Chicago Lyric was the center of a controversy when composer Krzysztof Penderecki was offered the commission for the company's celebration of the American Bicentennial. ''Paradise Lost'' was the first of many serious drains on a company that soon found itself precariously in the red. The crisis resulted eventually in the firing of Miss Fox and the appointment of Ardis Krainek as general director.

Miss Krainek, in the nearly two years she has headed the company, has turned it around and put it in the black, at no ghastly reduction in vocal quality. In fact, the three performances I attended recently were on a consistently higher level than equivalent performances at the Met.

Chicago Lyric is hampered, as is every house in the world today, by the drought in important voices.

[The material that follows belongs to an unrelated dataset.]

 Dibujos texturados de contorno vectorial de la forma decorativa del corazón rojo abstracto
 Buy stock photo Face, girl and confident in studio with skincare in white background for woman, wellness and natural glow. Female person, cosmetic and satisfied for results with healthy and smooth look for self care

But this season it managed to attract Alfredo Kraus , Eva Marton, Luciano Pavarotti, Jon Vickers, and Placido Domingo. This year, Hal Prince was staging the company's new ''Butterfly.''

My stay allowed me to hear a curious double bill of Francis Poulenc's ''La Voix Humaine'' and Leoncavallo's ''I Pagliacci,'' as well as Puccini's ''Tosca'' and Mozart's ''Cosi fan tutte.'' All but the Poulenc are heard regularly in New York. In fact, the ''Pagliacci'' and the ''Cosi'' are Met productions, and the ''Tosca'' is seen in the Tito Gobbi staging he later re-created on the Met stage in the Met's old production.

I found the level of performance high. Lesser parts were cast from the Lyric Opera Center for American Artists, and several voices were most impressive. More important, I found that each performance embraced a sense of a company at work trying to make something important happen. There were blemishes, but there were high points, too, and one left each evening with a sense of having had an artistic encounter.

The ''Tosca'' presented Miss Marton in the title role. She guaranteed that the evening would be a dazzling exhibition of true operatic theatrics and the very best of prima donna temperament melded into a spectacular incarnation of this celebrated role. She brings a blazing intensity to her portrayal, a voice that easily rides the orchestral climaxes, yet can soothe and haunt in the more lyric moments.

Her Scarpia, Siegmund Nimsgern, offered her a riveting foil and a frightening adversary. He has just taken on the role, and has yet to find his way through it consistently, but at its best - which was most of the time - it was vocally impressive and histrionically strong.

Veriano Luchetti was the somewhat small-scaled, wooden Cavaradossi, Italo Tajo the jovial Sacristan, Florindo Andreolli the superb Spoletta (what a superb comprimariom artist he is). Conductor Julius Rudel led a seasoned performance.